SAN ANTONIO – When added to standard neoadjuvant chemotherapy, carboplatin and bevacizumab each improve the odds of eradicating local disease in women with triple-negative breast cancer, but their impact on toxicity differs, based on findings from a randomized phase II trial.
Adding carboplatin to standard chemotherapy improved the odds of pathologic complete response (pCR) by 71%-76% with some increase in toxicity such as neutropenia and thrombocytopenia. Adding the antiangiogenic agent bevacizumab improved the odds of pCR by 58%, but with a considerable increase in toxicity such as hypertension and postoperative complications, based on results of the Cancer and Leukemia Group B (CALGB)/Alliance 40603 trial of 443 women with stage II or III triple-negative breast cancer. Dr. William M. Sikov reported the results in a session and at a press briefing at the San Antonio Breast Cancer Symposium.
Dr. William M. Sikov
Dr. Sikov of Warren Alpert Medical School of Brown University, Providence, R.I., acknowledged that the trial was not powered to assess recurrence-free and overall survivals. While it remains unclear whether pCR predicts improved survival, data from other trials and a meta-analysis suggest that pCR is a good surrogate endpoint and have prompted the Food and Drug Administration to consider this endpoint for new drug approval pending long-term data.

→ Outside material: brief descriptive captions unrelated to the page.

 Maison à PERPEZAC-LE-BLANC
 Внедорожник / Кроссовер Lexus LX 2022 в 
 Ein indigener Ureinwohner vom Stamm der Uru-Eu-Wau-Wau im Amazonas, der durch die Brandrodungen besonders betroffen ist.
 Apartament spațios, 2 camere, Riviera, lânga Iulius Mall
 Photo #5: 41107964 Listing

Based on the results from this trial and those of the similar GeparSixto trial reported at the 2013 ASCO annual meeting, he said, "if you have decided a patient with triple-negative breast cancer should receive neoadjuvant chemotherapy based on the size of the tumor, based on the desire to improve the chance of breast conservation, then I think it makes sense to add carboplatin to your neoadjuvant regimen, and that you can comfortably do so with acceptable additional toxicities."

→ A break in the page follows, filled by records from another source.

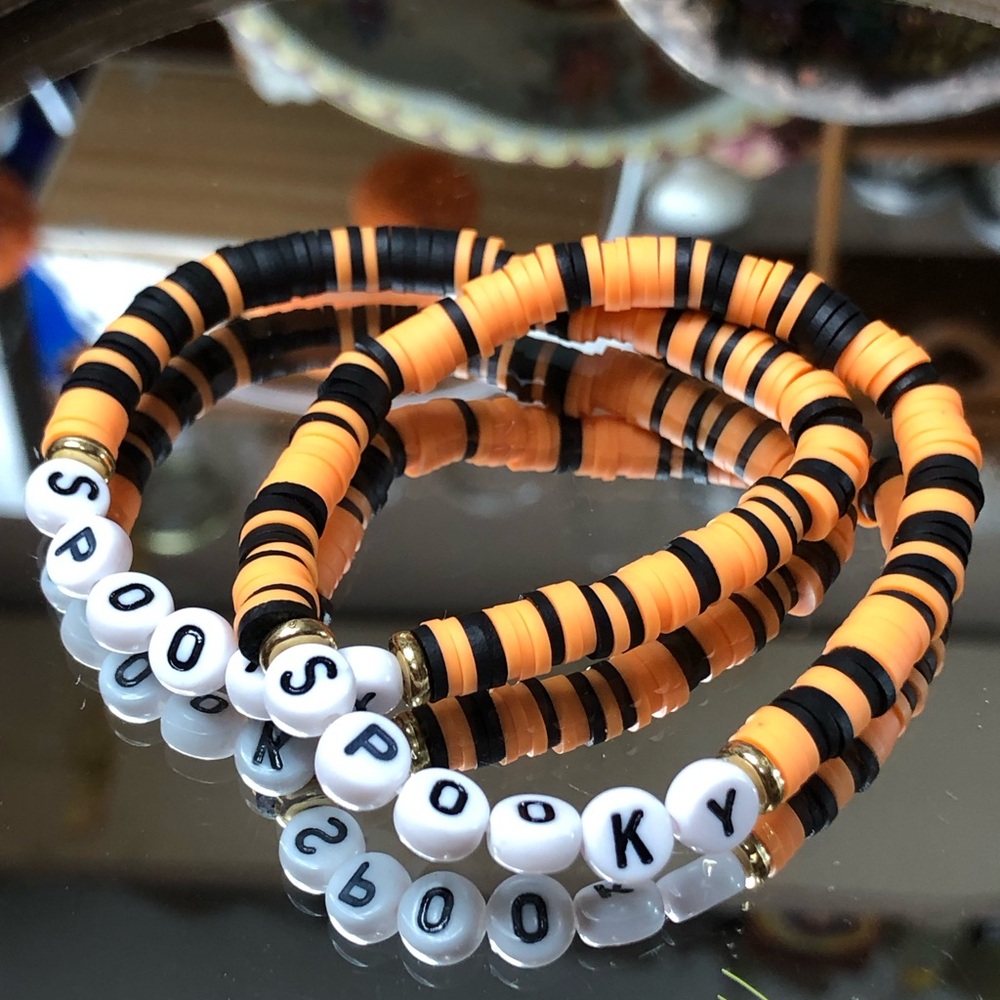 🎃Spooky Beaded Bracelet - Orange and Black-Listing is for 1 - Picture 3 of 4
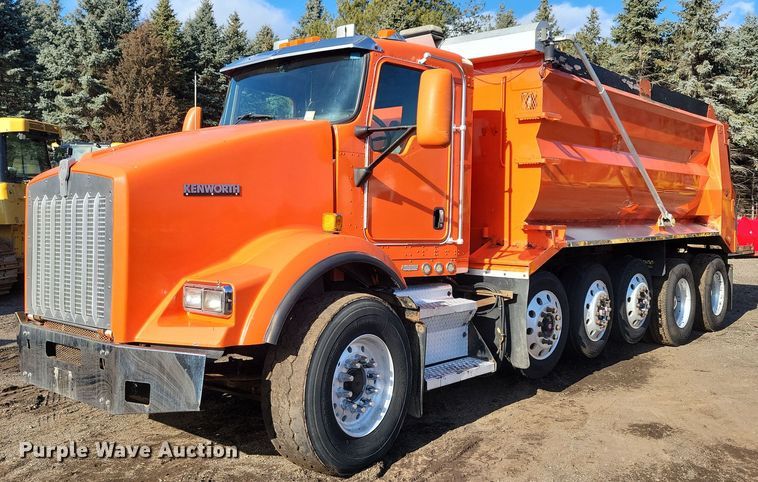 2002 Kenworth T800 dump truck - DL7861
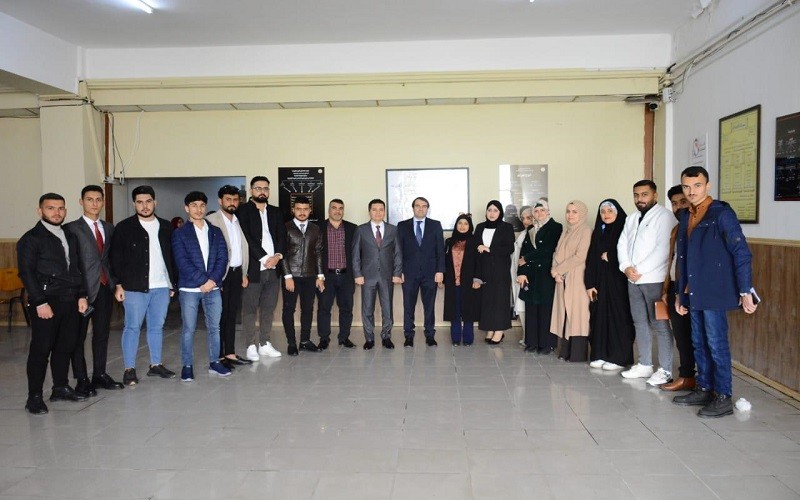 طلبة كلية القانون والعلوم ...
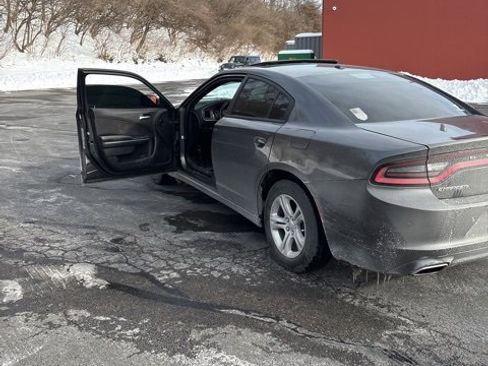 Used 2019 Dodge Charger SXT image 5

Alternatively, Dr. Sikov said that bevacizumab "increased the pCR rate, but at the cost of significant toxicities, and I don’t think that [bevacizumab] should be routinely added to neoadjuvant chemotherapy."
In the CALGB/Alliance 40603 trial, which was funded in part by Genentech, about three-fourths of the women were white, and roughly two-thirds had clinical stage II disease; 55% had clinically positive nodes.
All of the women were treated with weekly paclitaxel followed by dose-dense AC (doxorubicin and cyclophosphamide).
In a 2-by-2 factorial design, patients were randomized to additionally receive carboplatin or not, and to additionally receive bevacizumab (Avastin) or not.
Adding carboplatin increased the rate of pCR in the breast only (60% vs. 46%; odds ratio, 1.76; P = .002) and pCR in both the breast and axilla (54% vs. 41%; odds ratio, 1.71; P = .003).
Similarly, adding bevacizumab increased the rate of pCR in the breast only (59% vs. 48%; odds ratio, 1.58; P = .009) but conferred only a trend toward an increased rate of pCR in both the breast and axilla (52% vs. 44%; odds ratio, 1.36; P = .057).
There was no significant interaction between the treatment effect of carboplatin and the treatment effect of bevacizumab, according to Dr. Sikov, who disclosed no conflicts of interest related to the trial.
In terms of toxicity, adding carboplatin increased rates of grade 3 or worse neutropenia and thrombocytopenia. Adding bevacizumab increased rates of grade 3 or worse hypertension, bleeding, and thrombosis. And adding both drugs increased rates of both sets of adverse events, with a higher rate of grade 3 or worse febrile neutropenia.
Serious adverse events were more common with added bevacizumab and with added carboplatin-bevacizumab. For example, 15% and 16% of patients in these arms, respectively, developed febrile neutropenia during receipt of the AC part of chemotherapy.
Also, addition of bevacizumab was associated with a higher rate of postsurgical complications (9% vs. 5%), most often hematoma or seroma, and a higher rate of delayed surgical complications (4% vs. 1%), such as wound healing issues.